After I Don’t Want To Be A Spice Store

by Christian Wiman

            I don’t want to be a casino.

            I don’t want my rooms filled with slot machines

            and black jack tables.

            I don’t want to seduce grannies 

            to gamble away the grocery money

            or to have my carpets reek of Lucky Strikes.

            Casinos open too early and close 

            too late.

            I want to be a bookshop where children find Magic Treehouses

            and Pippi Longstocking, where their mothers

            can sit and rest.

            I want shelves crammed with books arranged 

            alphabetically by authors’ last names

            or by topics like sorcery, history, 

            or art.

            I hope to lure browsers with little white cards

            naming ‘staff picks’ in neat print

            or loopy script;

            to welcome readers with deep armchairs

            and the smell of coffee. Maybe a cat

            will sleep in the window.

            Let me be a place where your biggest risk

            will be rolling the dice

            on a writer you’ve never read –

            maybe Frederik Backman, 

            J. R. R. Tolkien, or Anne Lamott.
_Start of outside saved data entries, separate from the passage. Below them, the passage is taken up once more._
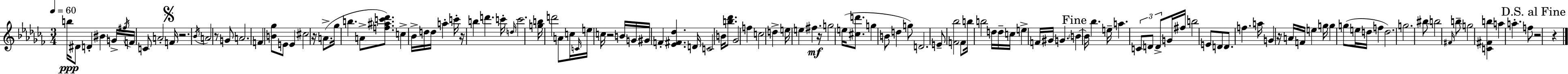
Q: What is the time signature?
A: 3/4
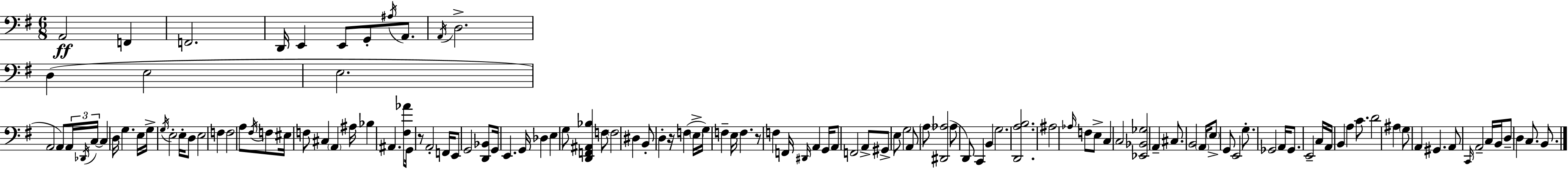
{
  \clef bass
  \numericTimeSignature
  \time 6/8
  \key e \minor
  a,2\ff f,4 | f,2. | d,16 e,4 e,8 g,8-. \acciaccatura { ais16 } a,8. | \acciaccatura { a,16 } d2.-> | \break d4( e2 | e2. | a,2 a,8) | \tuplet 3/2 { a,16 \acciaccatura { des,16 } c16~~ } c4 d16 g4. | \break e16 g16-> \acciaccatura { g16 } e2-. | e16-. d8 e2 | f4 f2 | a8 \acciaccatura { fis16 } f8 eis16 f8 cis4 | \break \parenthesize a,4 ais16 bes4 ais,4. | <fis aes'>8 g,16 r8 a,2-. | f,16 e,8 g,2 | <d, bes,>8 g,16 e,4. | \break g,16 des4 e4 g8 <d, f, ais, bes>4 | f8 \parenthesize f2 | dis4 b,8-. d4-. r16 | f4( \parenthesize e16-> g16) f4-- e16 f4. | \break r8 f4 f,16 | \grace { dis,16 } a,4 g,16 a,8 f,2 | a,8-> gis,8-> e8 g2 | a,8 \parenthesize a8 <dis, aes>2( | \break aes8 d,8) c,4 | b,4 g2. | <d, a b>2. | ais2 | \break \grace { aes16 } f8 e8-> c4 c2 | <ees, bes, ges>2 | a,4-- cis8. b,2 | \parenthesize a,16 \parenthesize e8-> g,8 e,2 | \break g8.-. ges,2 | a,16 ges,8. e,2-- | c16 a,16 b,4 | a4 c'8. d'2 | \break ais4 \parenthesize g8 a,4 | gis,4. a,8 \grace { c,16 } a,2-- | c16 b,16 d8-- d4 | c8. b,8. \bar "|."
}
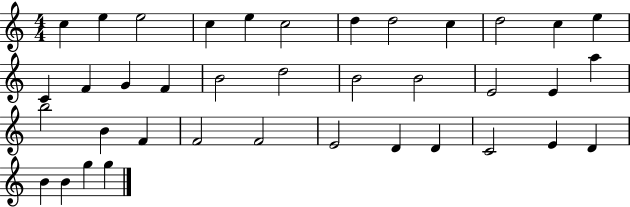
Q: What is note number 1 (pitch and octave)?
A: C5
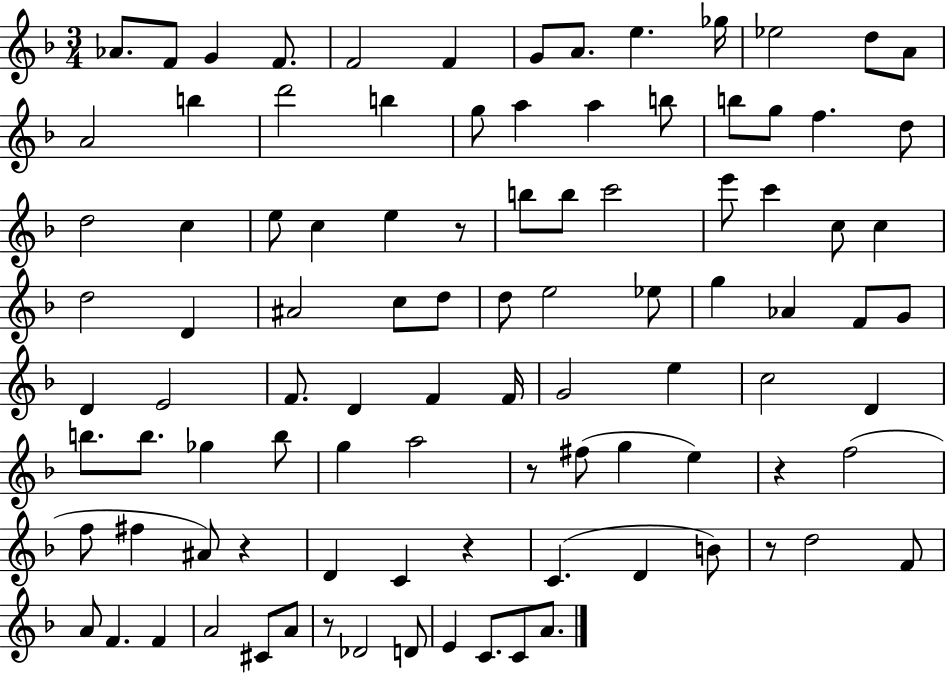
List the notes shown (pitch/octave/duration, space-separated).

Ab4/e. F4/e G4/q F4/e. F4/h F4/q G4/e A4/e. E5/q. Gb5/s Eb5/h D5/e A4/e A4/h B5/q D6/h B5/q G5/e A5/q A5/q B5/e B5/e G5/e F5/q. D5/e D5/h C5/q E5/e C5/q E5/q R/e B5/e B5/e C6/h E6/e C6/q C5/e C5/q D5/h D4/q A#4/h C5/e D5/e D5/e E5/h Eb5/e G5/q Ab4/q F4/e G4/e D4/q E4/h F4/e. D4/q F4/q F4/s G4/h E5/q C5/h D4/q B5/e. B5/e. Gb5/q B5/e G5/q A5/h R/e F#5/e G5/q E5/q R/q F5/h F5/e F#5/q A#4/e R/q D4/q C4/q R/q C4/q. D4/q B4/e R/e D5/h F4/e A4/e F4/q. F4/q A4/h C#4/e A4/e R/e Db4/h D4/e E4/q C4/e. C4/e A4/e.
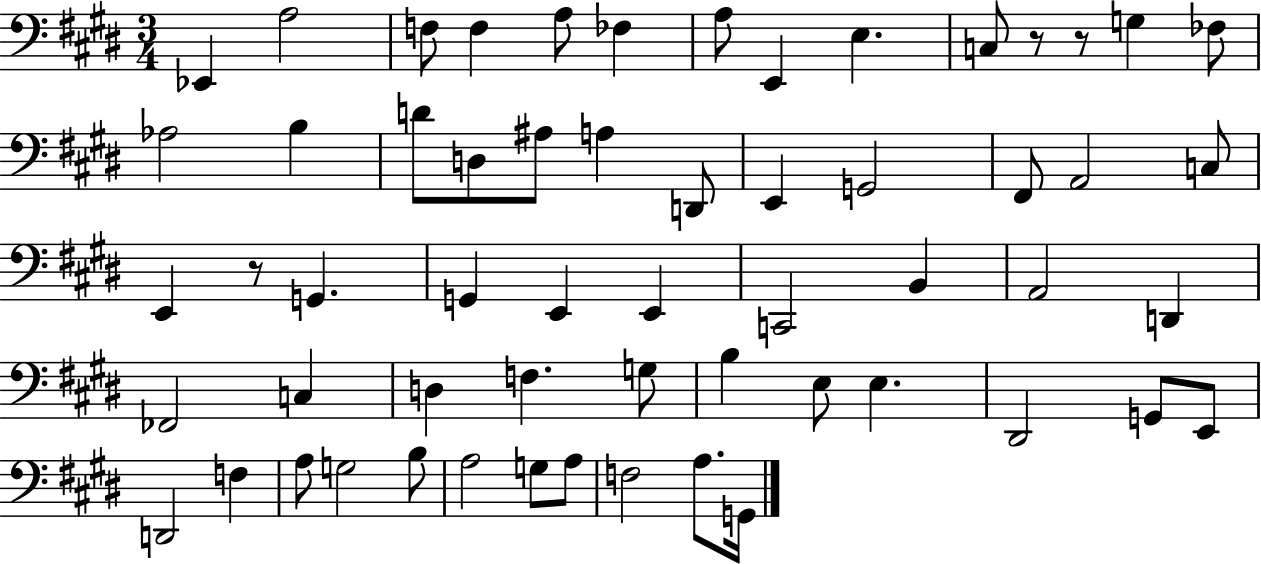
Eb2/q A3/h F3/e F3/q A3/e FES3/q A3/e E2/q E3/q. C3/e R/e R/e G3/q FES3/e Ab3/h B3/q D4/e D3/e A#3/e A3/q D2/e E2/q G2/h F#2/e A2/h C3/e E2/q R/e G2/q. G2/q E2/q E2/q C2/h B2/q A2/h D2/q FES2/h C3/q D3/q F3/q. G3/e B3/q E3/e E3/q. D#2/h G2/e E2/e D2/h F3/q A3/e G3/h B3/e A3/h G3/e A3/e F3/h A3/e. G2/s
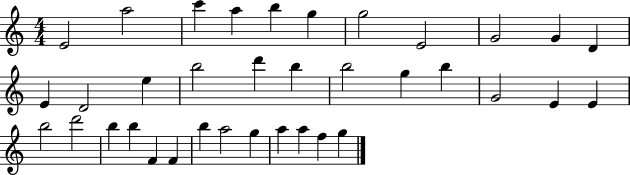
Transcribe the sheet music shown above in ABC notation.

X:1
T:Untitled
M:4/4
L:1/4
K:C
E2 a2 c' a b g g2 E2 G2 G D E D2 e b2 d' b b2 g b G2 E E b2 d'2 b b F F b a2 g a a f g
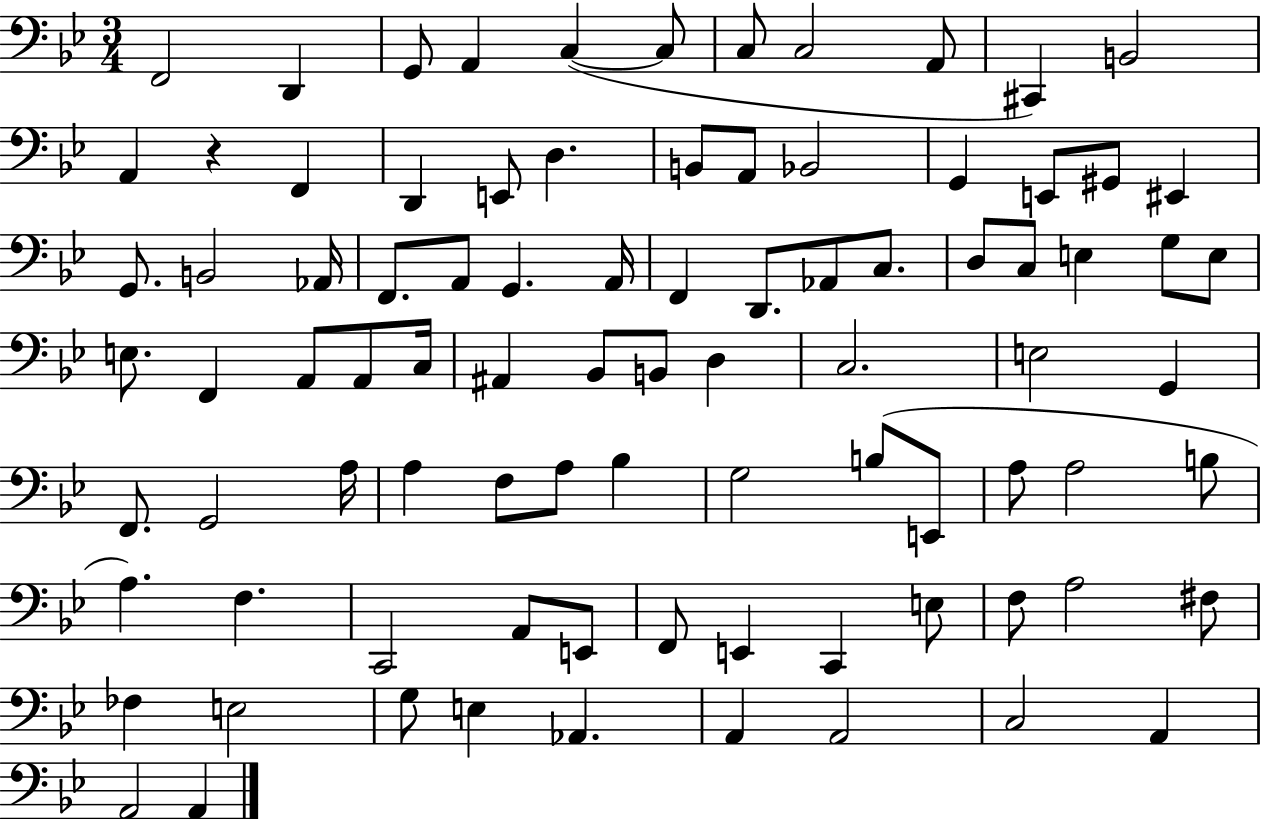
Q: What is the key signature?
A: BES major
            To up the ante.

            To ante up.

Behind the poem...

This poem was inspired by Christian Wiman’s poem, I Don’t Want To Be A Spice Store. Although not a gambler, I have twice visited Las Vegas, and both times found the artificiality of the place jarring. More disconcerting still is how it’s impossible to walk through the airport, any hotel lobby or restaurant without entering a casino. Whereas, by way of contrast, I’m always happy to step inside the welcoming atmosphere of a bookshop.